Recensione di   Paolo Bonini Paolo Bonini

Il processo

(Film, 1962)

"Processo definitivo all'umanità"

"Non si sfugge alla macchina"
Gilles Deleuze, Felix Guattari, "Kafka. Per una letteratura minore"

A chi abbia frequentato assiduamente Kafka come il sottoscritto, può sembrare superfluo e inutile un film su di lui, ma poi una volta visto, "Il processo" di Orson Welles (1962), non dovrà che ricredersi.
Quest è il lavoro cinematografico migliore del regista americano, che riesce a restituirci la stessa tensione narrativa de' "Il terzo uomo" (1949) di Carol reed ma ad esso attribuito. La sensazione di essere braccati è in questo film onnipresente e perpetua sino alla catarsi finale, che ripropone una delle immagini care a Welles, e con la quae avrebbe dovuto concludersi il suo "Don Chisciotte" (1992) e cioé quella d'u'esplosione seguita dall'apparizione di un fungo nucleare.
Le scene della pellicola sono pervase da atmosfere barocche e soffocanti infatti compare quella sensazione d'horror vacui che si manifesta anche e soprattutto nell'aspetto e forma architettonica degli edifici, i cui interni delle scenografie sembrano crollare non solo sulle spalle di Anthony Perkins, ma franare anche addosso allo spettatore.

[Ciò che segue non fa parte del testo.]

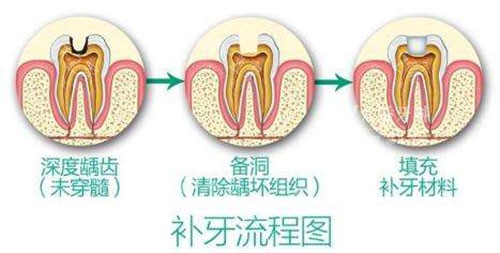 补牙流程图示意图 补牙流程图示意图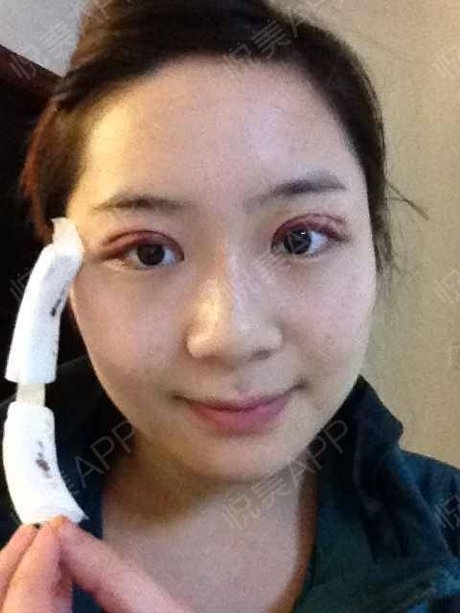 双眼皮手术及其 恢复过程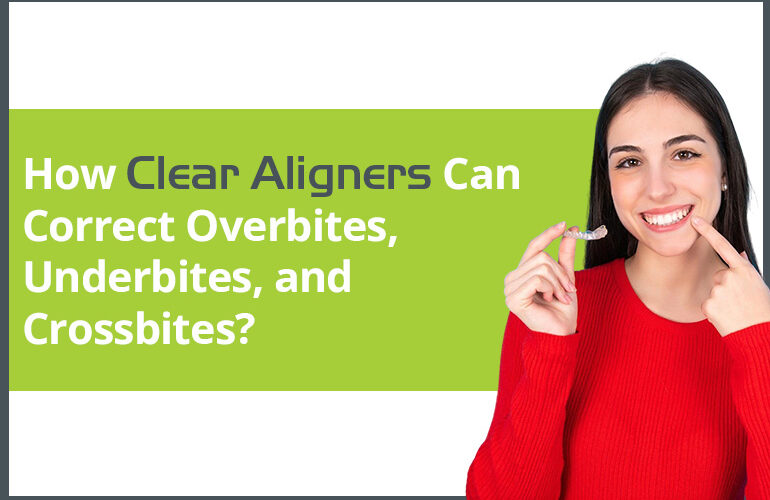 how clear aligners can correct overbites underbites and crossbites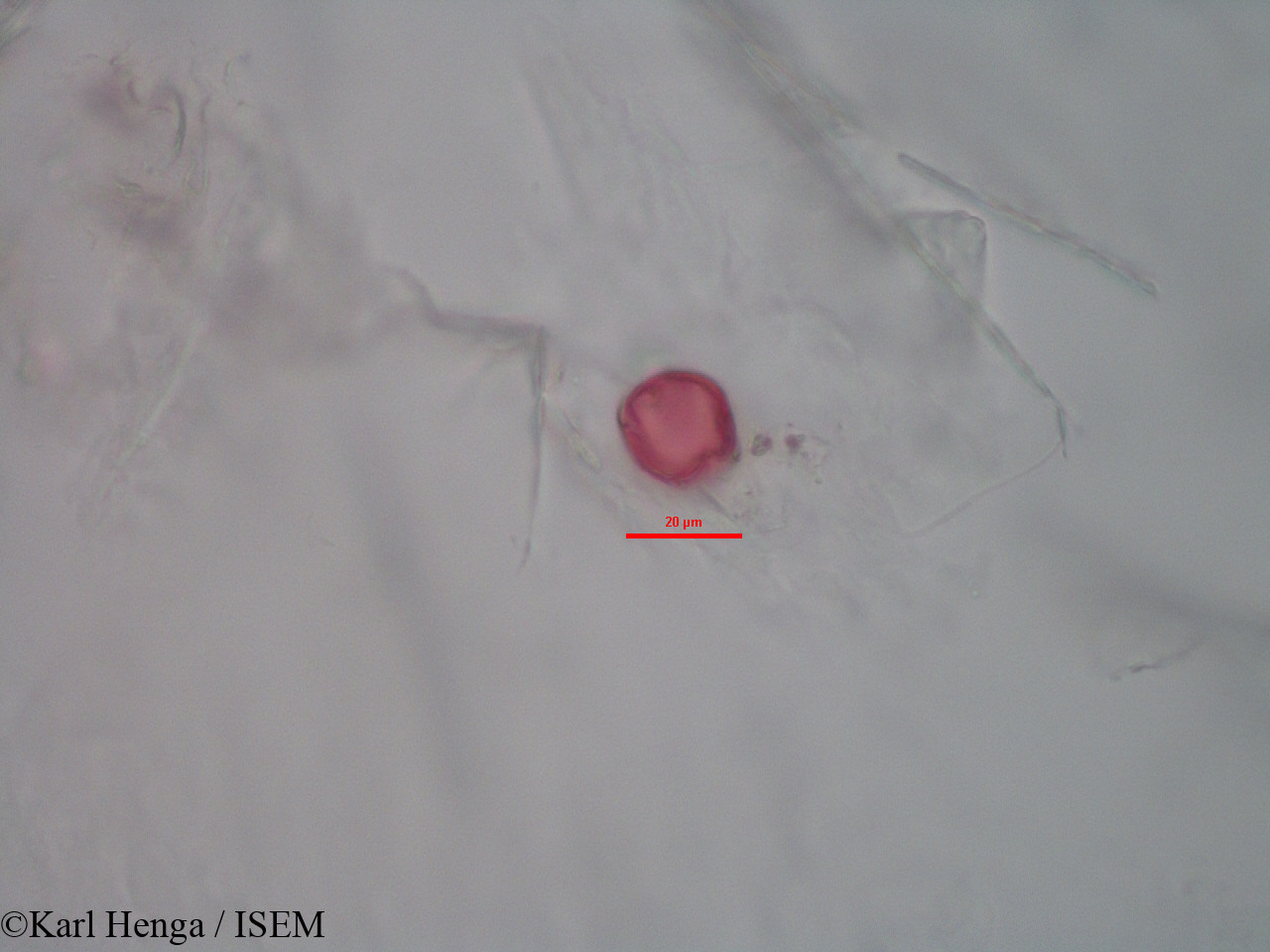 Karl.Henga/Kyllinga_polyphylla_28180/Kyllinga_polyphylla_28180_0005(copy).jpg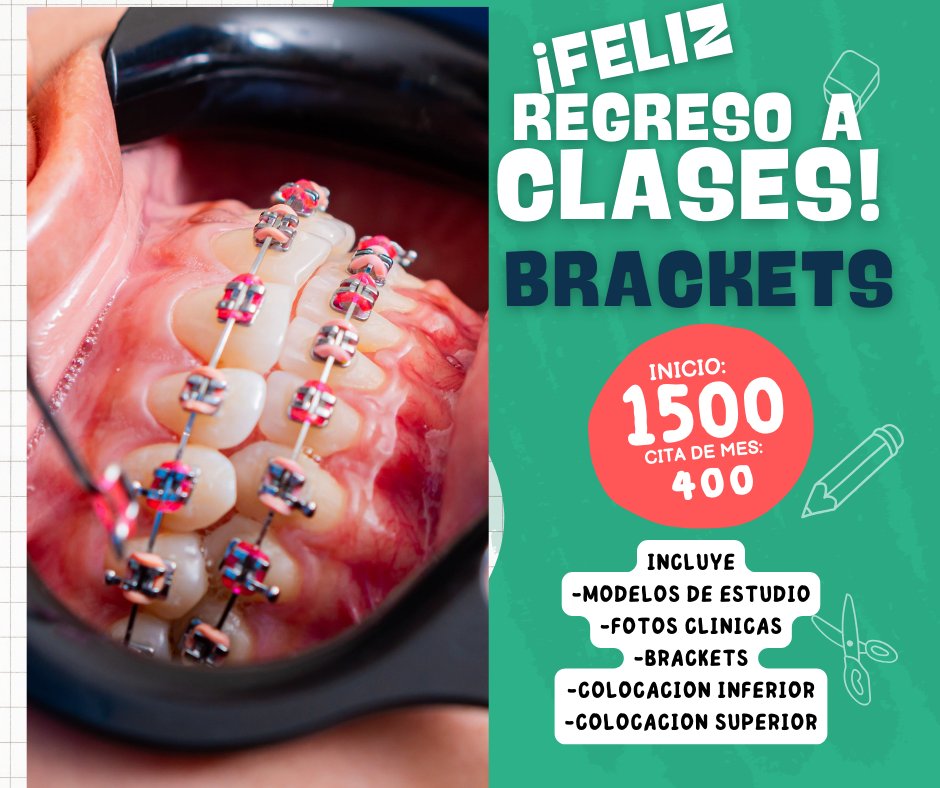 Anuncio de Odontuz: Brackets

Questo aspetto fa di quest'opera un vero e proprio gioiello neobarocco moderno.
Un appunto a parte è da dedicare in primo luogo alla recitazione di alcuni attori della pellicola che riescono a mantenere salda la tensione narrativa (di cui sopra) della vicenda grazie alla loro interpretazione, fattore che permette di apprezzare maggiormente
lo scioglimento finale della storia.
Partiamo innanzitutto da Perkins, la cui tendenza recitativa a mantenere dall'inizio alla fine del film un atteggiamento aggressivo e ribelle, permette di ben incentrare il lavoro su uno degli spetti fondamentali della poetica kafkiana, la vanità dell'azione.
Questa sensazione concreta viene poi avvalorata dalla disperazione d'ancorggio al protagonista da parte delle figure femminili le cui due principali sono interpretate da Jeanne Moreau e Romy Schneider nella parte di Leni, soffocante segretaria dell'avvocato di Josef K. Il femminile, nell'accezione più kafkiana, compare nella scena della visita da parte di Perkins al pittore Titorelli. Qui, il personaggio raffigurato come un uccello in gabbia, preda di gattacci che non gli lasciano tregua (le bambine che animano e abitano le scale), riprende quelle atmosfere barocche (di cui sopra) e quella sensazione di soffocamento restituite allo spettatore dall'onnipresente fastidioso vociare delle fanciulle che animano la scena.
Orson Welles stesso interpreta l'avvocato di K., abile burattinaio e attore lui stesso all'interno della trama e meccanismi del film, tanto da interpretare più ruoli, compreso quello della sua stessa professione.
Per concludere si tratta di un film definitivo, unilatrerale e finale, tanto da decretare il giudizio universale sull'uomo e sull'umanità intera, spazzando via il dubbio iniziale cn cui Josef K. si sveglia quella mattina - "Deve trattarsi si uno scherzo".